Saturday, March 29, 2014
Noah (2014)- Movie Review by Sean Wu
Noah is not a perfect movie by any means, but when the ark hits the water, sh*t hits the fan in the best way possible. It's thrilling to see Russell Crowe command the screen, delivering power not seen since 2000's Gladiator. And with the film being PG-13, it's amazing how gore, guts, and overall grim atmosphere Aronofsky can shove in two-and-a-quarter hours.
Do you read the Bible? Are you religious? Both questions are irrelevant, because you must surely know the story of Noah's ark and the great flood. Writers Aronofsky and Ari Handel appear to have been very thorough when writing the film, digging through the Old Testament like ark-eologists (haha). Their creativity is superb, but when they try their hands at poetry, it falters. It tries hard to be like John Ridley's script for 12 Years a Slave, but comes off like Terrence Malick, without the improvised feelings.
Outside of Crowe, the cast is solid. Jennifer Conolly returns as Russell Crowe's devoted wife, a la A Beautiful Mind, and she gets a very strong scene of her own (you'll know it when you see it, which you should,). Emma Watson is really good, believe it or not, holding her own against the likes of Anthony Hopkins and Russell Crowe. Speaking of Anthony Hopkins, his character was poorly developed. He's the film's main source of comedic relief, and his mystic powers as the legendary Methusulah can only be revealed through internet articles about the movie. Ray Winstone is a good villain in the movie, he has motives and explains his character in a way the audience might agree with his ideals.

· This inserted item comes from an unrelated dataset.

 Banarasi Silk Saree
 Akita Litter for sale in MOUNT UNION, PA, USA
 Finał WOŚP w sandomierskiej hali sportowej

What makes Winstone's Tubal-cain so agreeable is that Aronofsky really develops the idea of internal conflict in Noah, the biproduct of burdening one with the task of saving animals and killing people. Noah believes that humanity should no longer continue after the Great Flood, and is convincing in his unjust belief. Tubal-cain, the animal of a man that he is, believes in the ethics of saving humanity, also convincing. I thought I was going into a disaster movie, but I instead I needed my thinking cap, and it made the movie so much better.
However, I am not singing my praises. There are characters in the beginning that are similar to the mechs in Pacific Rim, assuming they could talk. It's totally silly, even if it is one's artistic interpretation of the Bible, it doesn't work on-screen at all. It's unnecessarily silly, as if Aronofsky decided to make the first forty minutes in Middle-Earth instead.
As a whole, Noah ain't the masterpiece that has been decades in the making, but it is a good movie that works as both a blockbuster and moral drama. I liked it.